-- Data to process follows --
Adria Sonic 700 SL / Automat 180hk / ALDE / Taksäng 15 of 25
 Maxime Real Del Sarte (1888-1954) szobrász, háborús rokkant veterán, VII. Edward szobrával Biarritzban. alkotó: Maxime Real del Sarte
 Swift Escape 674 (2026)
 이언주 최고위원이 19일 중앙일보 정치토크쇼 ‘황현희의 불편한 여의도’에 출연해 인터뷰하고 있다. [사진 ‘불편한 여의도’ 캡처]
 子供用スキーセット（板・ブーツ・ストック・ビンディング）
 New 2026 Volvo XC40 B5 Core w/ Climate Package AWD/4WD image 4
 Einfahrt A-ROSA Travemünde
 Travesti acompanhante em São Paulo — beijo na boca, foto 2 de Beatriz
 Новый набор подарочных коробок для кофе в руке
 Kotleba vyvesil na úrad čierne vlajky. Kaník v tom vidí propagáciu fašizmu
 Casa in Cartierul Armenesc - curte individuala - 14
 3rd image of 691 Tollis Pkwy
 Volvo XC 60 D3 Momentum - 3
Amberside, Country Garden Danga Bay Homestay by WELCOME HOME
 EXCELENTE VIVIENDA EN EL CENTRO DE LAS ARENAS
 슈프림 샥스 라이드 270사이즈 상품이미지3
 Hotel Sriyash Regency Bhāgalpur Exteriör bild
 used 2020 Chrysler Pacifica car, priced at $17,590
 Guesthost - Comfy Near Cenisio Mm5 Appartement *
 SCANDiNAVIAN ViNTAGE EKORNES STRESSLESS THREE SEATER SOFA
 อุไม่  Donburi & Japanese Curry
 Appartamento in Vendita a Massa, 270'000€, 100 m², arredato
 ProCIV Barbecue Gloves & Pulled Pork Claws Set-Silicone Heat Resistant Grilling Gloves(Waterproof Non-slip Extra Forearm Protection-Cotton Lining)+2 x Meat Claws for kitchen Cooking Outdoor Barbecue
-- Data to process concluded --
What you need to do> For this exercise, please retype exactly the lines in the listing from the line with "이언주 최고위원이 19일" through its last line, both ends included.

Written response>
 이언주 최고위원이 19일 중앙일보 정치토크쇼 ‘황현희의 불편한 여의도’에 출연해 인터뷰하고 있다. [사진 ‘불편한 여의도’ 캡처]
 子供用スキーセット（板・ブーツ・ストック・ビンディング）
 New 2026 Volvo XC40 B5 Core w/ Climate Package AWD/4WD image 4
 Einfahrt A-ROSA Travemünde
 Travesti acompanhante em São Paulo — beijo na boca, foto 2 de Beatriz
 Новый набор подарочных коробок для кофе в руке
 Kotleba vyvesil na úrad čierne vlajky. Kaník v tom vidí propagáciu fašizmu
 Casa in Cartierul Armenesc - curte individuala - 14
 3rd image of 691 Tollis Pkwy
 Volvo XC 60 D3 Momentum - 3
Amberside, Country Garden Danga Bay Homestay by WELCOME HOME
 EXCELENTE VIVIENDA EN EL CENTRO DE LAS ARENAS
 슈프림 샥스 라이드 270사이즈 상품이미지3
 Hotel Sriyash Regency Bhāgalpur Exteriör bild
 used 2020 Chrysler Pacifica car, priced at $17,590
 Guesthost - Comfy Near Cenisio Mm5 Appartement *
 SCANDiNAVIAN ViNTAGE EKORNES STRESSLESS THREE SEATER SOFA
 อุไม่  Donburi & Japanese Curry
 Appartamento in Vendita a Massa, 270'000€, 100 m², arredato
 ProCIV Barbecue Gloves & Pulled Pork Claws Set-Silicone Heat Resistant Grilling Gloves(Waterproof Non-slip Extra Forearm Protection-Cotton Lining)+2 x Meat Claws for kitchen Cooking Outdoor Barbecue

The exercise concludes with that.